The power of networking effectively is extraordinary. Done properly people who you have known for many years can be recruited to point you in the right direction.
But we have to convince many jobseekers that it is not a full frontal assault. It is not grabbing 5000 of your closest friends and sending them a copy of the your CV and asking for a job. It is not sending them a very long message explaining your predicament, your experience and what you need.
It is about starting a very personal conversation.
And if you remember the days when we can meet people in the pub, almost months ago, think about how your conversations used to go.
If you have not met somebody for a very long time, you are unlikely to start off with a 20 minute statement, not allowing them to get a breath not allowing them to get a word in edgeways. You are not gonna make it all about you and nothing about them. Or at least that is the way you operate, you might be surprised to learn why people do not want to repeat the experience.

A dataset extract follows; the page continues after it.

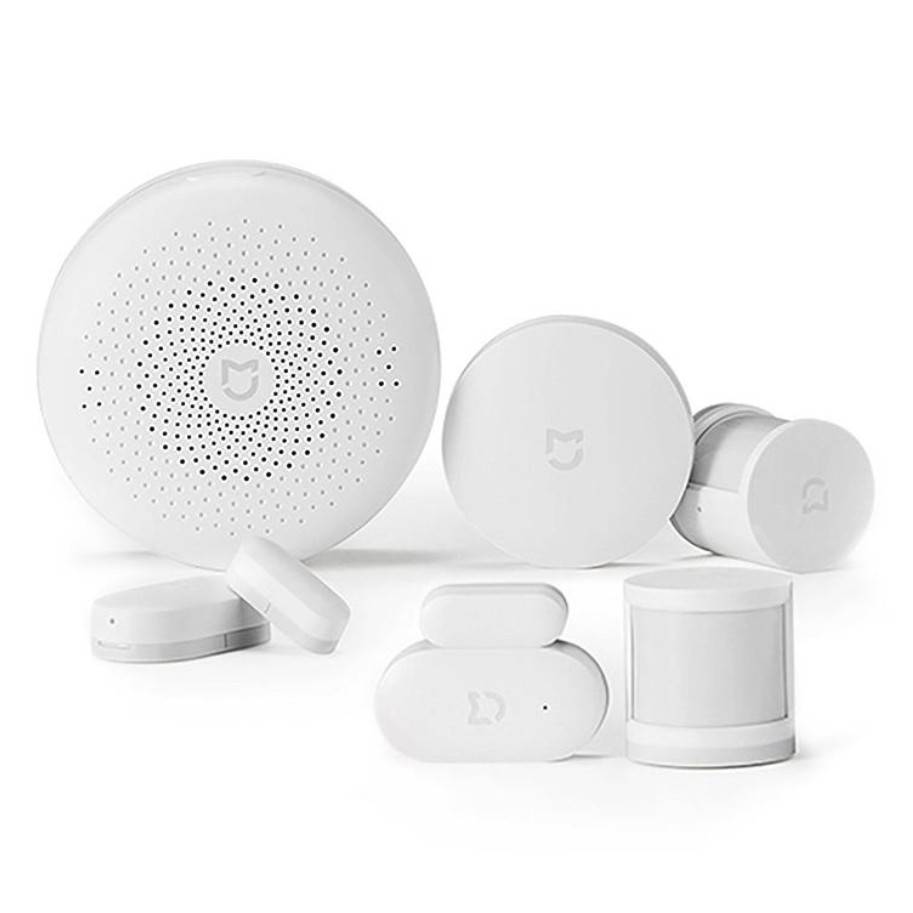 Комплект умного дома Xiaomi Mijia Smart Home купить недорого. Цена, отзывы.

So networking is subtle, opening up conversations with people you haven’t spoken to for a while. Finding out how they are and asking them for a bit of help.
The all-out assault is tempting, and it saves you a lot of further contact. But it is not very effective. At the moment, especially, the human touch is difficult to achieve. But if you can do it in your networking efforts, in trying to widen your contacts on LinkedIn, in trying to leverage past acquaintances in your search for a new role, it is worth the effort.